The joint communications news distribution site 47News (Japan Press Network) is reporting on Friday that according to Studio Ghibli producer Toshio Suzuki, Hayao Miyazaki is starting preparations to work on a new feature film. The news service stated that Suzuki revealed the news at an event in the United States on Thursday.

Suzuki stated at the event that Miyazaki showed him the storyboards for the new work.
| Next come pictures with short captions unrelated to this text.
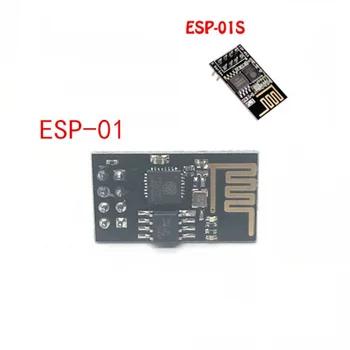 ESP-01 ESP-01S ESP8266 soros WIFI vezeték nélküli modul vezeték nélküli adó-vevő ESP01 ESP8266-01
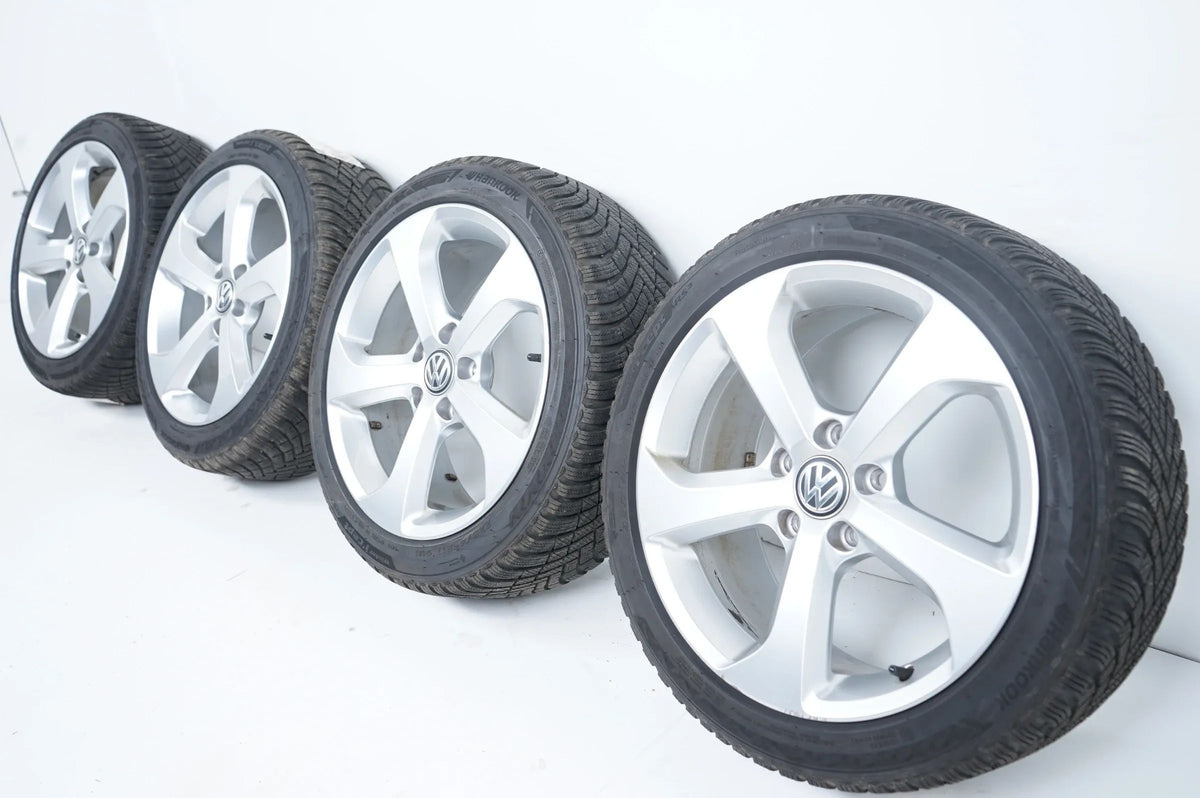 VW Volkswagen Golf 7 ruote invernali pneumatici invernali 225 45 17 pollici Visualizzazione dettagliata 8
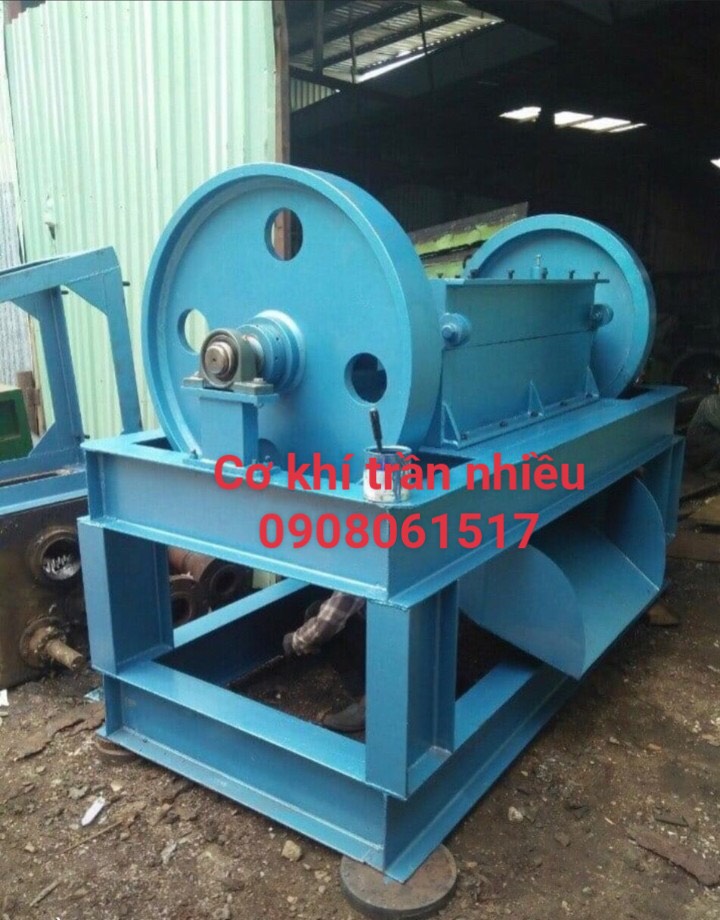 Máy bầm cho phế liệu vào 1 mét 5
Suzuki said, "Even now [Miyazaki] is working very hard in Tokyo to create."

During the Owaranai Hito Miyazaki Hayao (The Man Who Is Not Done: Hayao Miyazaki) television special on NHK that aired in November, Miyazaki reported that he wants to return to making an anime feature film.

Miyazaki had declared in September 2013 that he was retiring from directing feature films.

Most recently, Miyazaki has been working on "Kemushi no Boro" (Boro the Caterpillar), a planned CG short for the Ghibli Museum. The NHK special in November revealed, however, that Miyazaki was not satisfied with the CG project as a short, and he presented a project proposal for a feature-length film this past August. Despite not officially receiving a green-light for the feature film, Miyazaki decided to start animation work on the project anyway. He plans on creating storyboards for about 100 cuts of footage.

The NHK special didn't confirm if the project proposal Miyazaki presented last August would be for a project related to "Kemushi no Boro."

Miyazaki rose to prominence in the 1970s on such television anime series as Lupin III, Future Boy Conan, and Sherlock Hound. He directed his first feature film, Lupin III: The Castle of Cagliostro, in 1979. He then adapted the beginning of his Nausicaä of the Valley of the Wind manga into an anime film in 1984, before he and fellow director Isao Takahata founded Studio Ghibli.

With Ghibli, Miyazaki helmed the feature films Laputa: Castle in the Sky, My Neighbor Totoro, Kiki's Delivery Service, Porco Rosso, Princess Mononoke, Spirited Away, Howl's Moving Castle, Ponyo, and finally, 2013's The Wind Rises. He also co-produced Takahata's directorial efforts and directed smaller projects such as the "experimental film" On Your Mark and Ghibli Museum Shorts such as Mei and the Kitten Bus and Mr. Dough and the Egg Princess.

Spirited Away, which opened in 2001, remains the highest-earning film ever at the Japanese box office. The film won the Academy Award for Best Animated Film in 2003.